New York regulator Amanda Fenwick asserted that risk transfer rules need to stay in place to prevent possible manipulation by companies.
But Diane Wallace, a life actuary and reinsurance specialist speaking both personally and for the American Academy of Actuaries, Washington, said modeling reinsurance is really no different than modeling life insurance policies. Many reinsurance cash flows, she explained, are more consistent than regular policy cash flows. And, she continued, capturing all possibilities through modeling helps eliminate the possibility of manipulating reinsurance.
The New York department’s Mark Greene, a supervising actuary, expressed concern that reinsurance transactions are based on models that companies themselves may not fully understand. It adds an extra responsibility for regulators to get their arms around these transactions to see if they are sound, he continued.
But Wallace countered, that right now companies are free to enter treaties and manage risks that may not be fully known, such as how policyholders will behave.
Sheldon Summers, a California regulator and actuary, said that when PBR and the Valuation Manual are put in place, he would like to see new reinsurance agreements that increase risk management possibilities made available as long as there is a risk transfer.

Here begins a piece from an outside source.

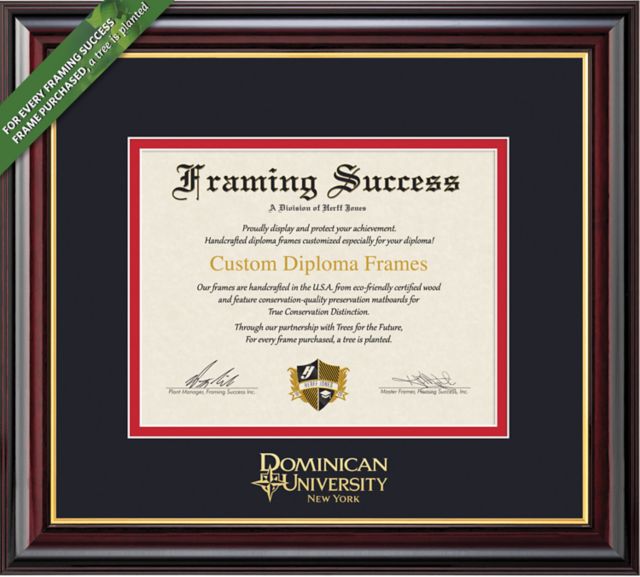 Framing Success Windsor 8.5 x 11 Diploma with Double Mat - ONLINE ONLY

A Feb. 5 discussion of a draft of a new SVL model focused on a number of issues including not making the law so encompassing that it would bring in non-life companies and what should be the qualifications of an actuary opining on the financial health of an insurer.
New York’s Fenwick said in her state language would be supported that would require an actuary to have an FSA or ASA designation.
Another issue both Fenwick and Kerry Krantz, a Florida regulator, raised was the retention of an actuarial solvency certification by a domestic state that could be used by non-domestic states. Krantz said he wondered whether members of the NAIC’s executive committee who might rely on the certification were aware that it was being removed.
In a separate letter, Fenwick also outlined some of the other points that are important to New York regulators. She noted that the SVL should provide detail for the general reserve methodology, reassert the need to retain commissioner authority, and include a penalty for a company that intentionally sets reserves lower than what they should be.
Both the ACLI and the Affordable Life Insurance Alliance, Washington, raised concern about proposed broad language using the word ‘company’ rather than the term ‘life insurer’ citing concern that it would raise objections from non-life companies and slow down the project.
The issue did come up on the call and regulators deleted the term life insurance for one amendment so that other types of companies could be included.
Concern for small companies was raised in a written comment submitted by Donald Walker, a life actuary with Farm Bureau Life Ins. Co. of Michigan in Lansing. While he applauded single-state exemptions from some PBR requirements, he noted that other small companies with limited resources may operate in more than one state. And, he added, the changes in the SVL and PBR have a “lack of utility for companies that are not writing the more exotic lines of business.”